Any contract between parties in different countries such as the United States and Canada heightens the risk of a conflict between different laws and court systems when resolving a contract dispute. It’s possible that the laws of several jurisdictions could be involved and multiple courts could exercise jurisdiction over the dispute. If the parties fail to select the governing law and forum for resolving disputes, the courts of Canada and the United States will apply their conflicts of law rules, which deal with the threshold question of what substantive law applies to a dispute. The conflicts of laws rules in the United States and Canada (neither I nor my firm practice Canadian law and mention of Canadian aspects in this blog are from my reading of relevant Canadian articles) are relatively similar and, in general terms and with certain exceptions, provide that the legal system with the closest connection to the contract or subject of the dispute should apply. But the analysis is not always clear and determining the applicable law and forum can be complex, costly, and a little like playing the lottery for the parties involved.
A choice of law provision specifies which jurisdiction’s law governs the contract, while a choice of forum provision specifies which court will adjudicate a contract dispute. These provisions can be easily overlooked by the parties when negotiating the more commercial terms of a contract. Believe me, I’ve seen that oversight on more than a few occasions.
In most circumstances, choice of law and forum provisions will be enforced by U.S. and Canadian courts. The parties should carefully consider the laws and legal system of the state, province, or other jurisdiction selected. There are many factors that play into the decision, including which law will provide the most certainty and the most beneficial outcome (obviously, the parties may have differing views on that).

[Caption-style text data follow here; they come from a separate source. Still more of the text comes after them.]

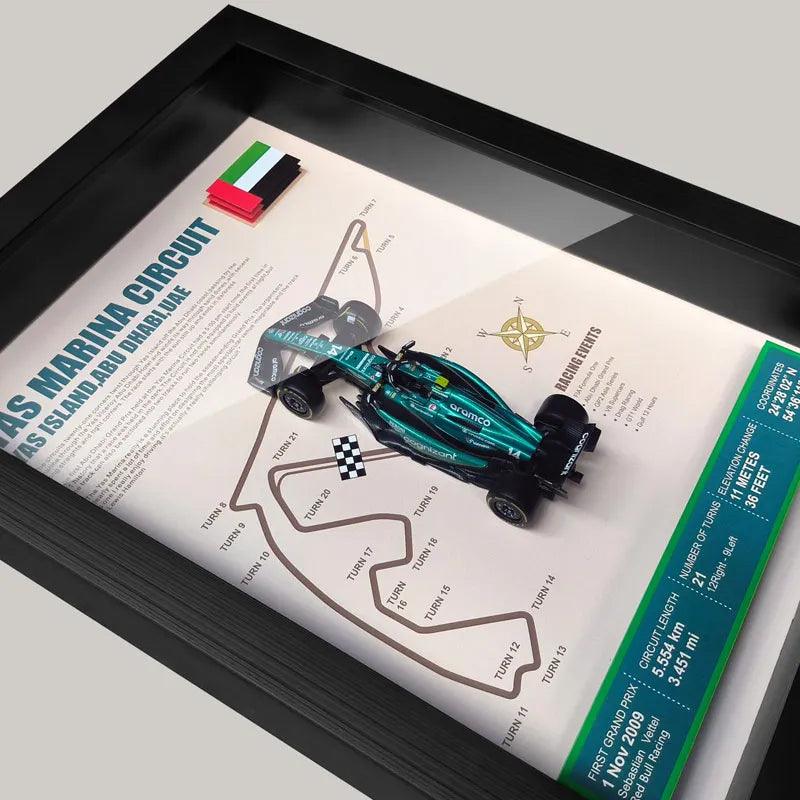 Aston Martin´s AMR23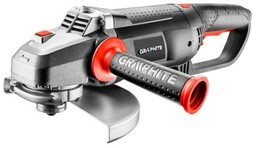 Graphite Szlifierka kątowa 2600W, tarcza 230x22.2 mm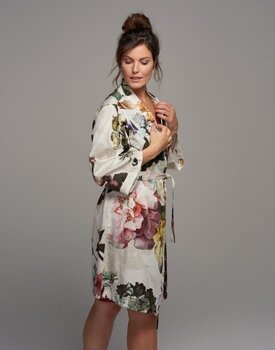 Essenza Kimono Fleur Ecru XS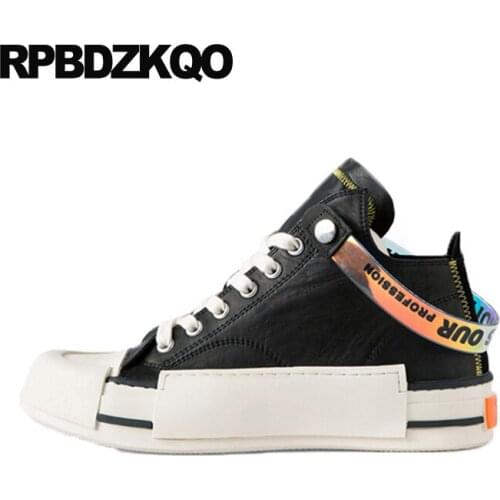 Flats leisure trainers elevator muffin silver creepers designer shoes women luxury 2019 brand sneakers black platform thick sole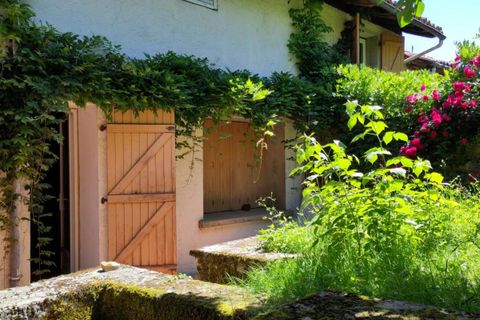 Landsbyhus i Les Bordes-sur-Arize, Ariege, Les Bordes-sur-Arize - € 99.500 | Ref: 2536 - foto 13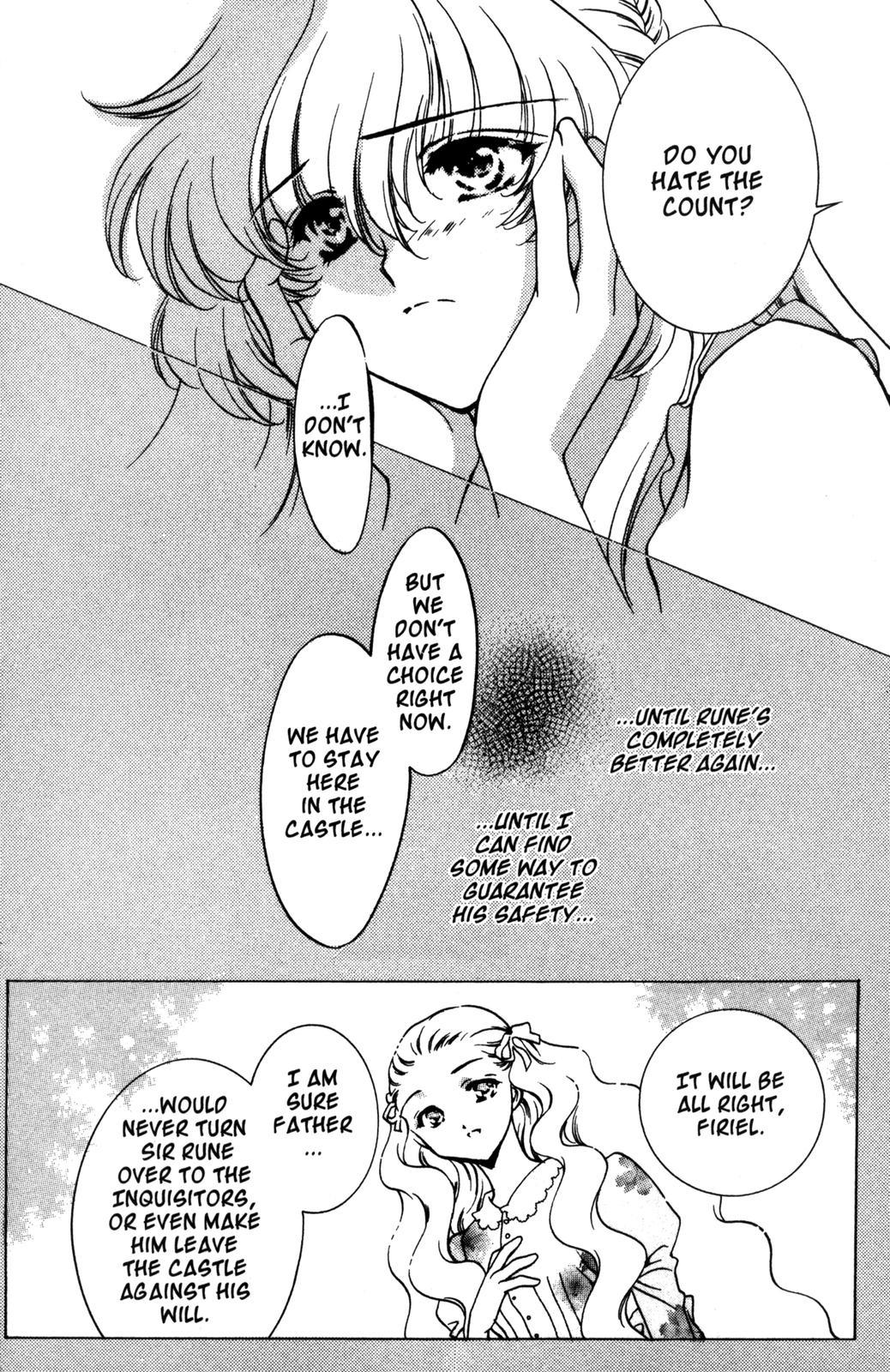 The Good Witch of the West Chapter 8 page 8 - Chapter 8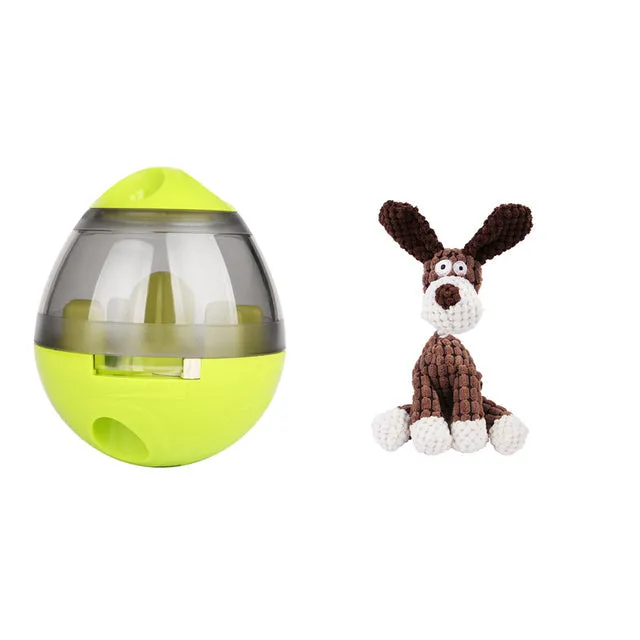 Pat and Pet Emporium | Pet Toys | Pets IQ Treat Toys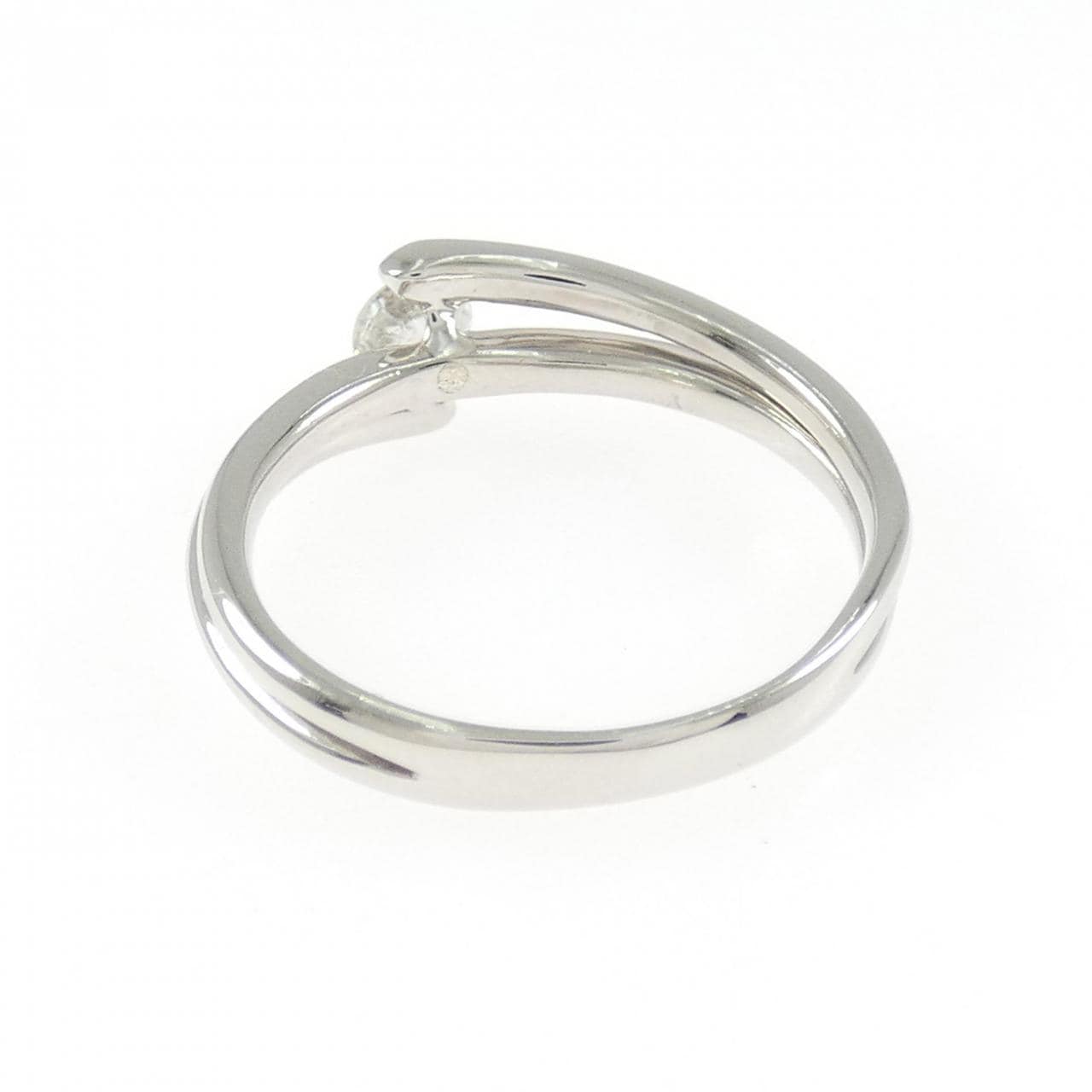 PT900 ダイヤモンド リング 0.20CT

Generally, the choice of law should be consistent with the choice of forum. This may not always be the choice made, but there could be significant cost and complexity issues if they are different—such as where a court applying the law of another jurisdiction needs to hear expert evidence concerning that other jurisdiction’s law. The provisions should also be well drafted to achieve the desired result, as there can be nuances in the language that can affect the coverage and application of the provisions. If arbitration is desired, a well-drafted arbitration provision should be included in the contract.

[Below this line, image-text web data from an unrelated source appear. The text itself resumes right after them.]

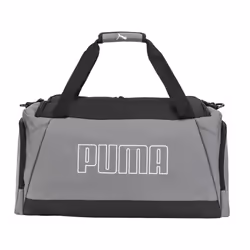 PUMA Evercat Accelerator Duffel Bag  Cast Iron/Black/White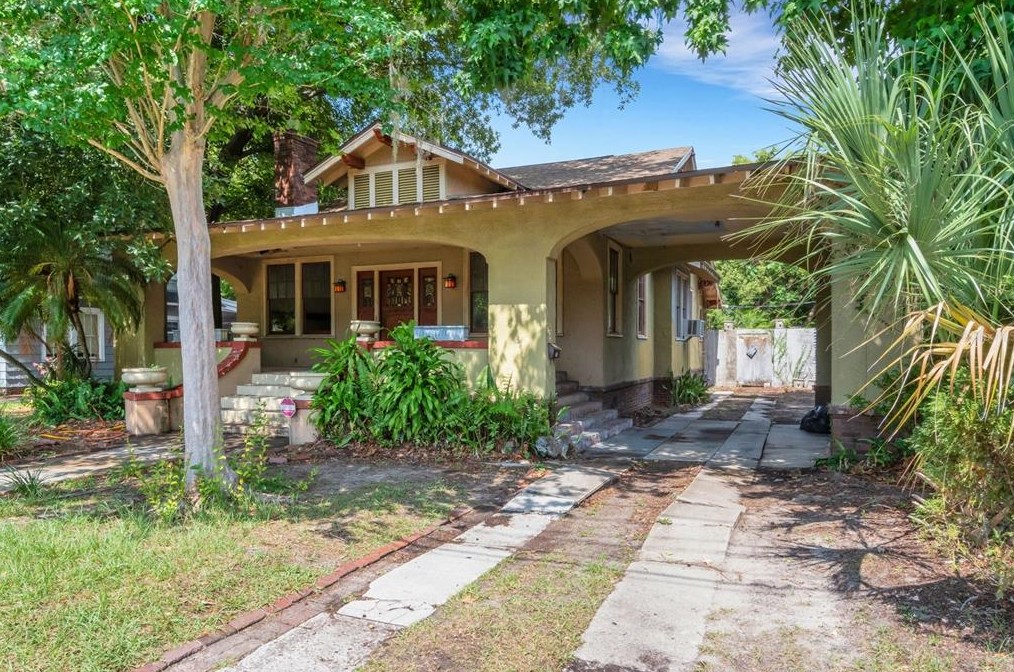 622 Ingraham Ave, Lakeland FL  33801-2033 exterior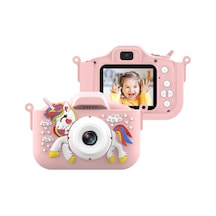 Hallow D12393P 1080 P 48 MP Dijital Çocuk Kamerası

The United Nations Convention on Contracts for the International Sale of Goods (the CISG) should be dealt with if the international contract covers the sale of goods. The CISG is a treaty adopted by the United States, Canada, and currently 76 other countries, which contains rules governing many, but not all, of the important issues concerning international sale of goods contracts. The CISG automatically governs international sales contracts between parties located in signatory countries, and there are pros and cons to that. However, the parties cannot opt out of the CISG merely by including a choice of law provision in their contract. Instead, they must specifically state in the contract that they do not wish to be bound by the CISG, or it will apply.
The outcome of a contract dispute sometimes dramatically depends on the law and forum chosen to litigate or arbitrate the dispute. Including well-drafted choice of law and forum provisions in your international contract won’t leave those important decisions to chance and will provide the parties with more certainty in the unfortunate event of a dispute.